>>>>

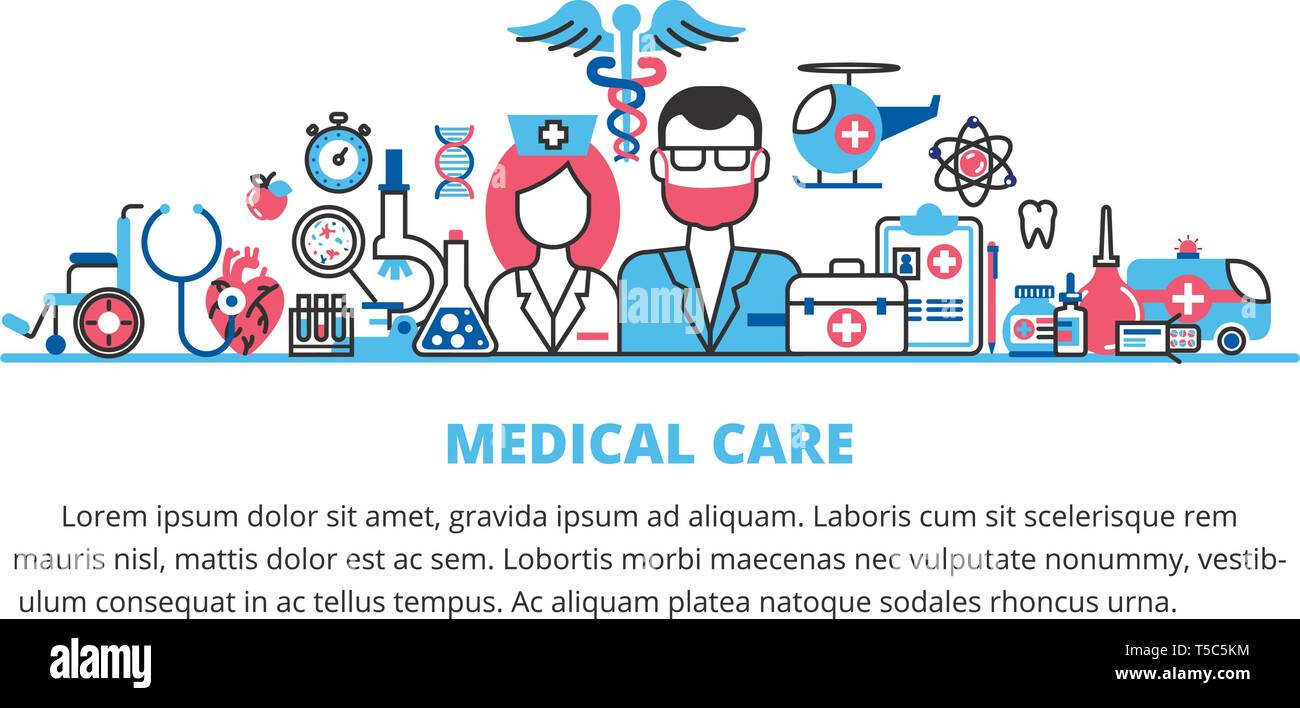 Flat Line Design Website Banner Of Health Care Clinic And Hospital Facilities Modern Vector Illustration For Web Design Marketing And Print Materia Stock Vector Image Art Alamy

<<<<
>>>>

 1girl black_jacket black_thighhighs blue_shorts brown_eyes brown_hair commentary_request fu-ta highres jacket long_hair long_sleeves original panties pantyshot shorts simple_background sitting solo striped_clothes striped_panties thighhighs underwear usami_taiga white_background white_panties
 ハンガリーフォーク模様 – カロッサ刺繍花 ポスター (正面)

<<<<
>>>>

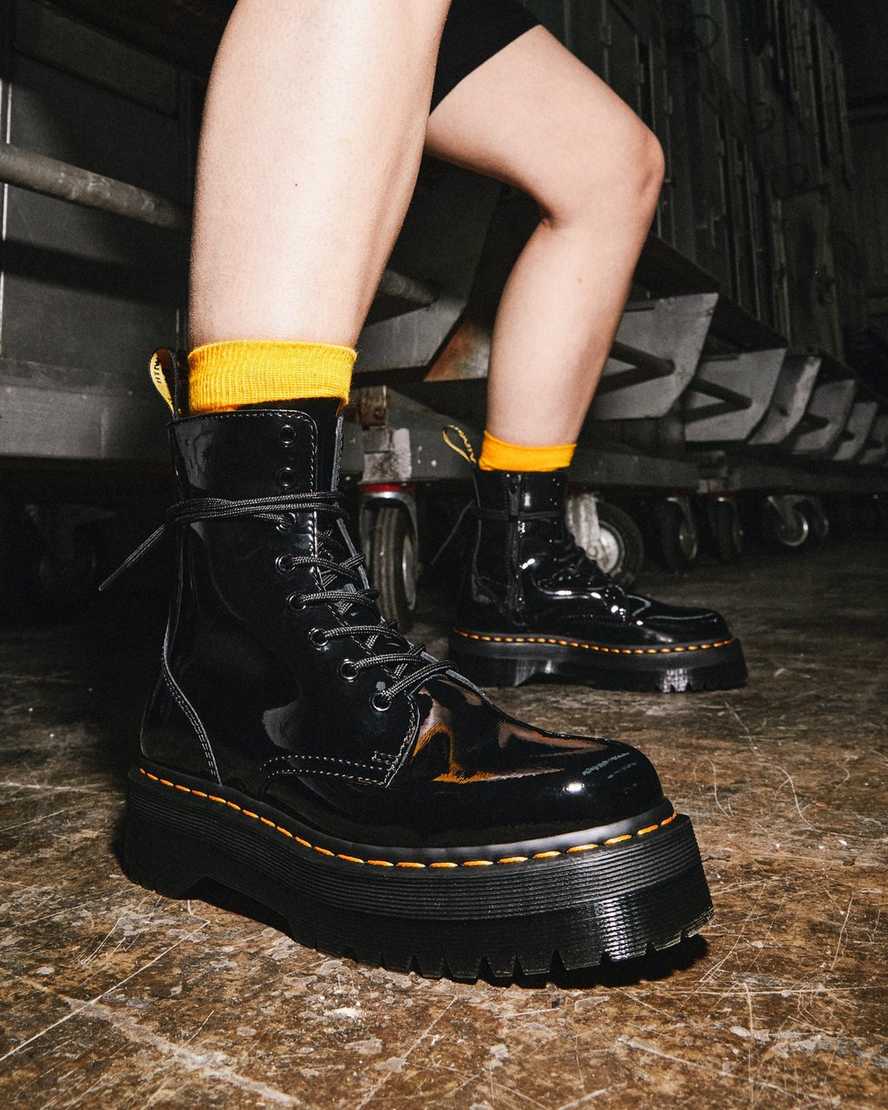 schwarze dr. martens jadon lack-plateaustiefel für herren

<<<<

__Brief__: In the material above, locate the line containing "1girl black_jacket black_thighhighs" and the line containing "ハンガリーフォーク模様 – カロッサ刺繍花 ポスター (正面)". Transcribe exactly those two lines and every line between them, and nothing more.

__Output__:
 1girl black_jacket black_thighhighs blue_shorts brown_eyes brown_hair commentary_request fu-ta highres jacket long_hair long_sleeves original panties pantyshot shorts simple_background sitting solo striped_clothes striped_panties thighhighs underwear usami_taiga white_background white_panties
 ハンガリーフォーク模様 – カロッサ刺繍花 ポスター (正面)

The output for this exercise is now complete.